> **Work task**
With the pictures left out, restate exactly the part below that opens with the line containing "Women's Grace Granite Pants - BeastPink" and closes with the line containing "Used 2026 Toyota Camry LE image 16".

> **Dataset excerpts**
————
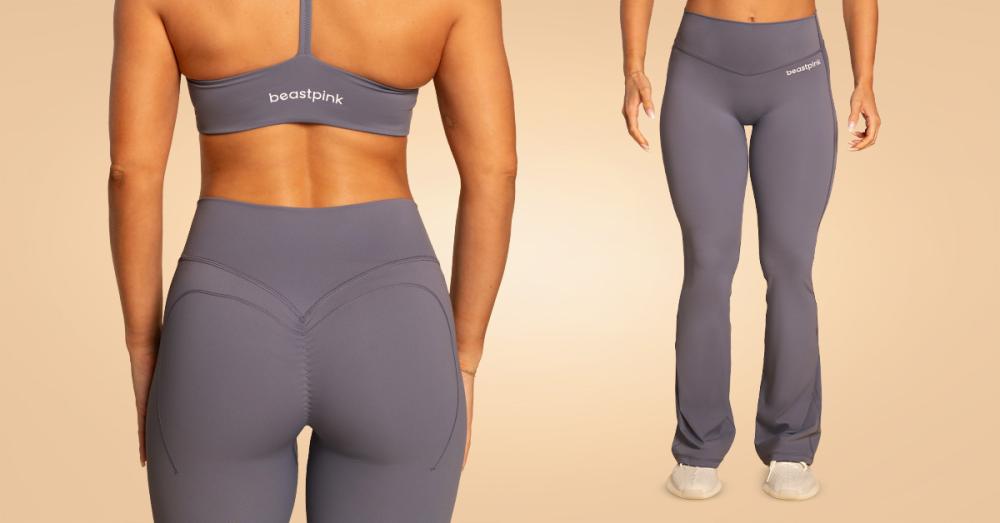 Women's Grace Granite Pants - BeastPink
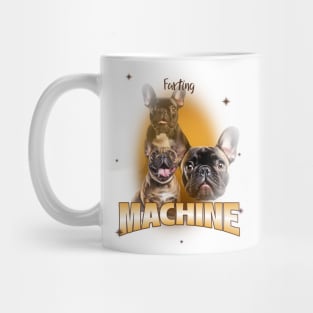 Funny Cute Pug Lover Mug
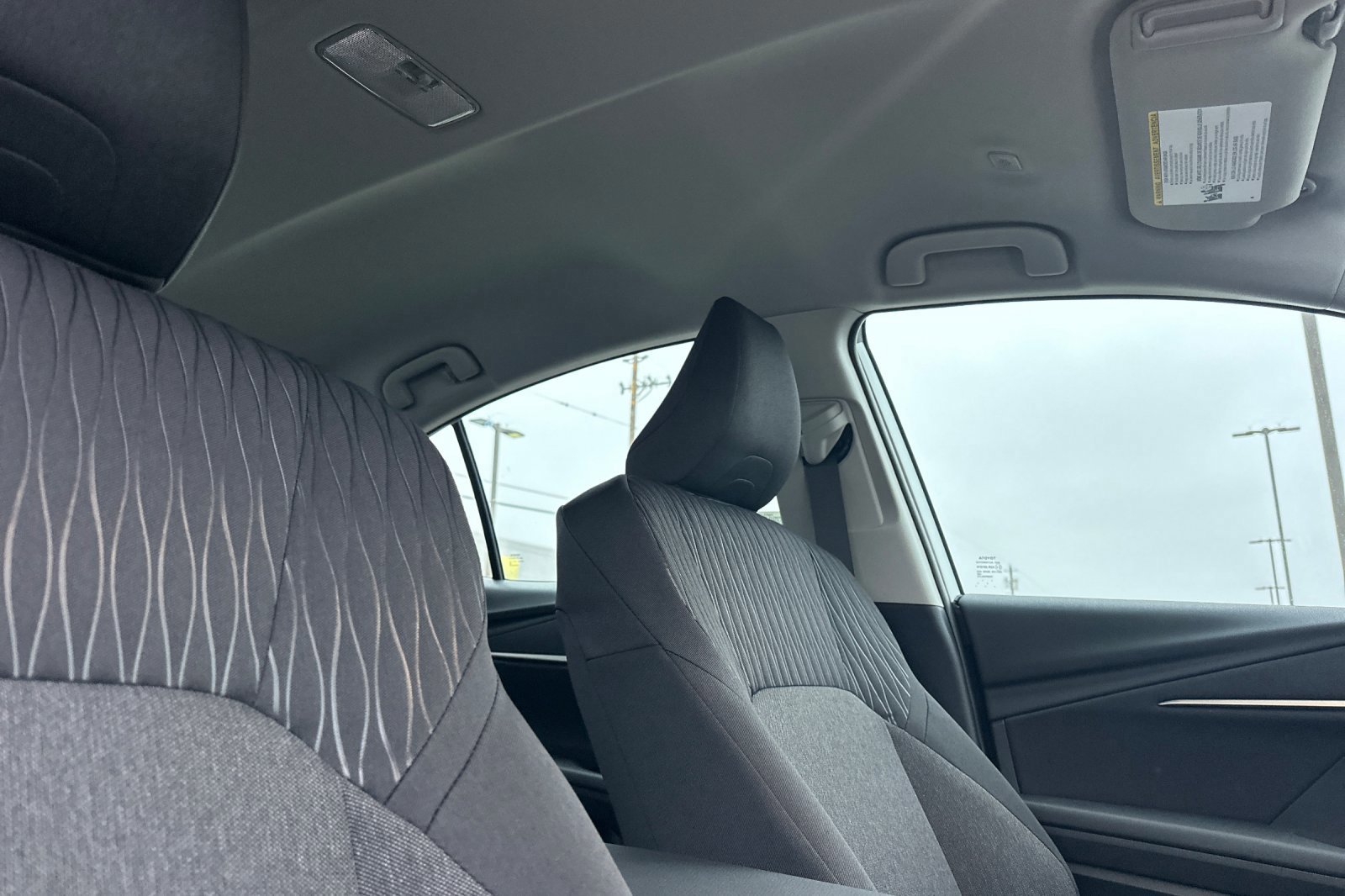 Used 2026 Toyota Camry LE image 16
————
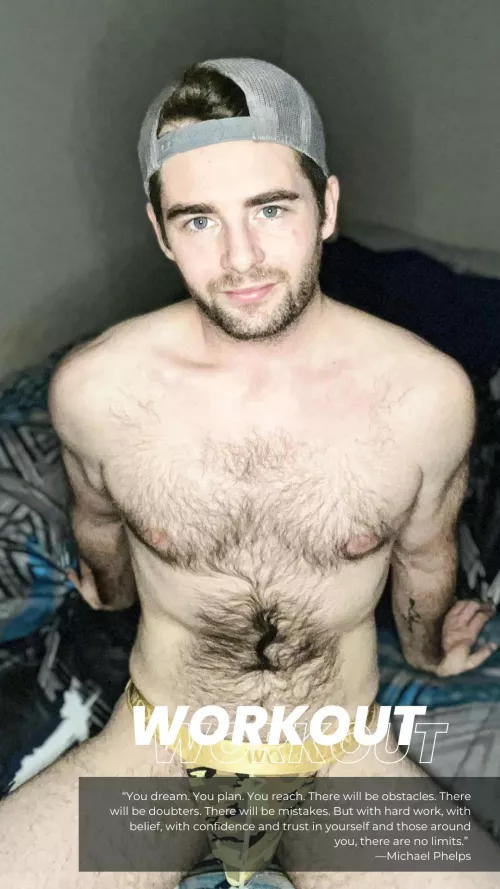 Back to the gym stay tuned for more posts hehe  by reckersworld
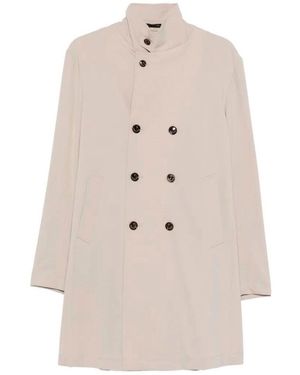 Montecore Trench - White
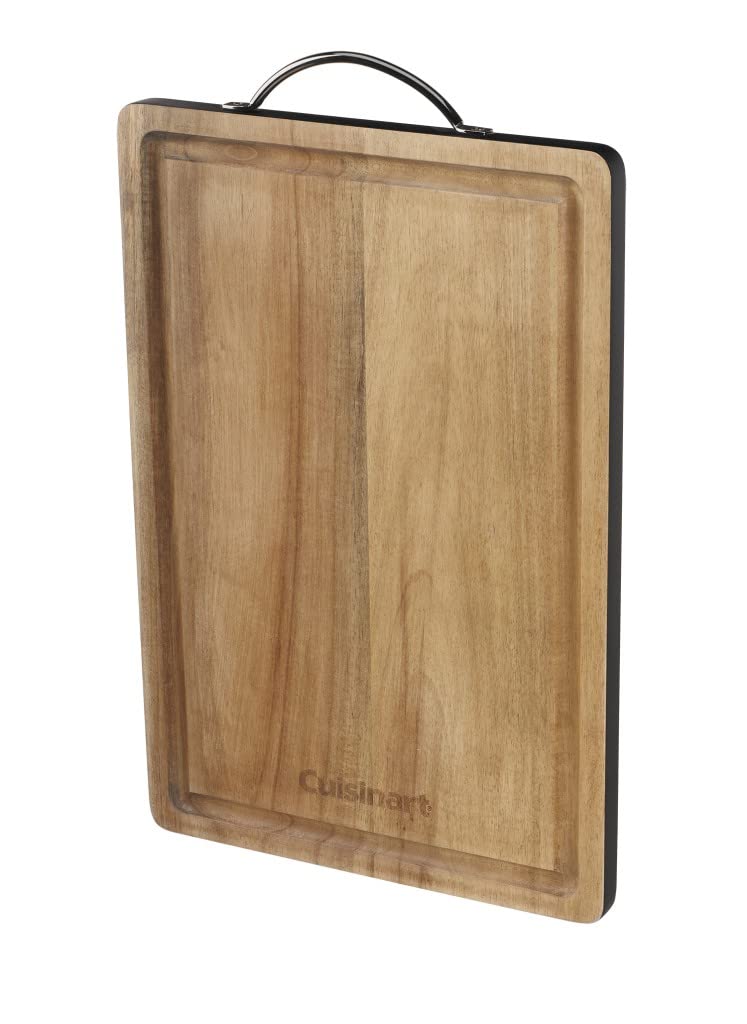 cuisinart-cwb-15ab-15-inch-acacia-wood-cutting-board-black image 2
————
> **Exercise answer**
 Women's Grace Granite Pants - BeastPink
 Funny Cute Pug Lover Mug
 Used 2026 Toyota Camry LE image 16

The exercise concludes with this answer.